» What is being asked
The listing below is to be copied exactly, with pictures excluded.

» Data extracts
▬▬▬

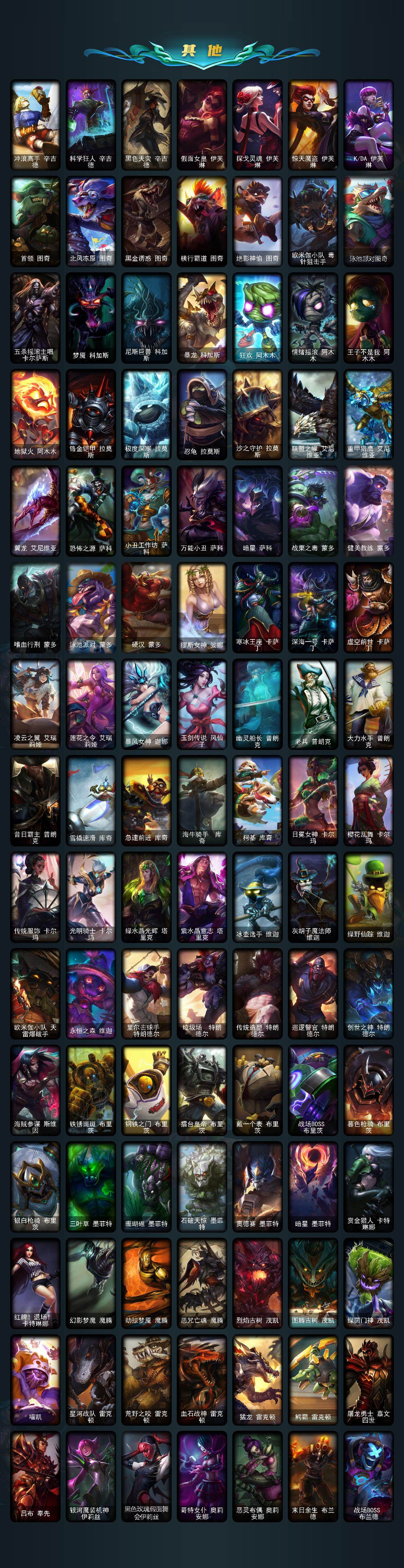 LOLQM48401英雄联盟账号详情图9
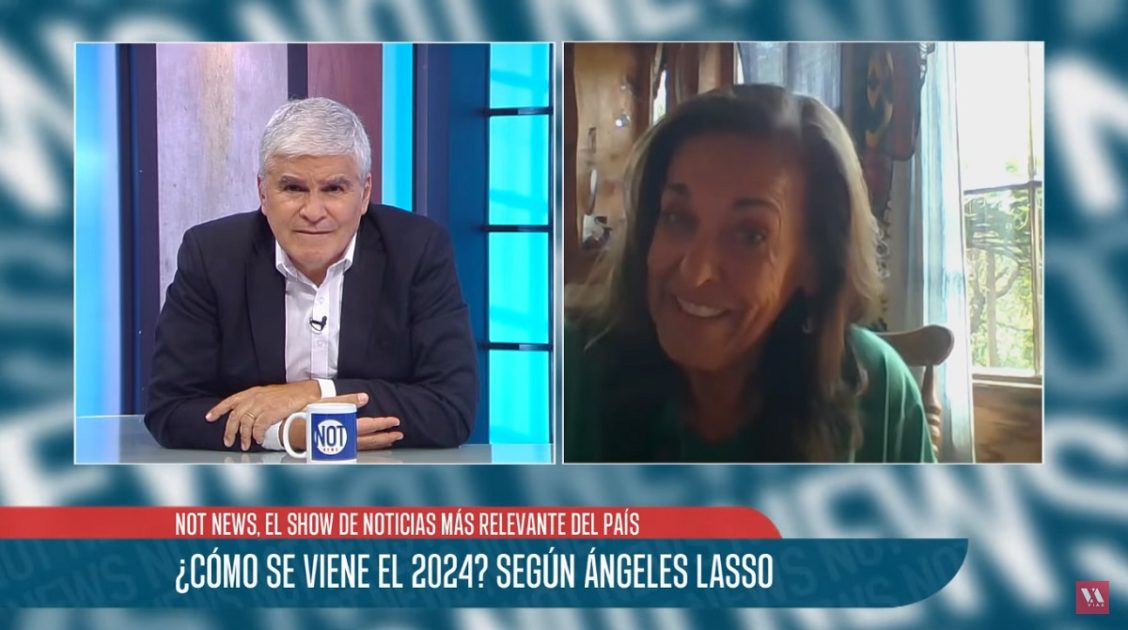predicciones Ángeles Lasso 2024
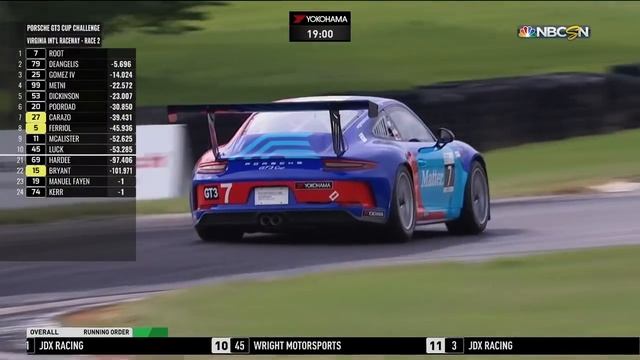 2019 Porsche GT3 Cup Challenge USA by Yokohama at VIRginia International Raceway смотреть онлайн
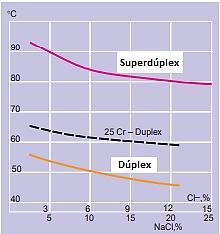 45 Figura 15 CPT das ligas dúplex e superdúplex em várias concentrações de cloreto de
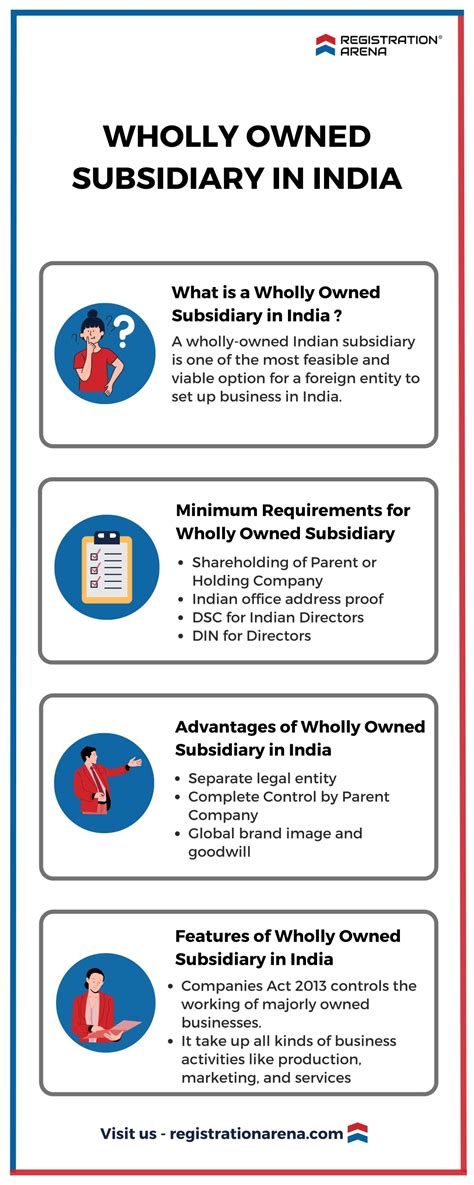PPT - Wholly Owned Subsidiary in India PowerPoint Presentation, free ...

▬▬▬

» Answer space
 LOLQM48401英雄联盟账号详情图9
predicciones Ángeles Lasso 2024
 2019 Porsche GT3 Cup Challenge USA by Yokohama at VIRginia International Raceway смотреть онлайн
 45 Figura 15 CPT das ligas dúplex e superdúplex em várias concentrações de cloreto de
PPT - Wholly Owned Subsidiary in India PowerPoint Presentation, free ...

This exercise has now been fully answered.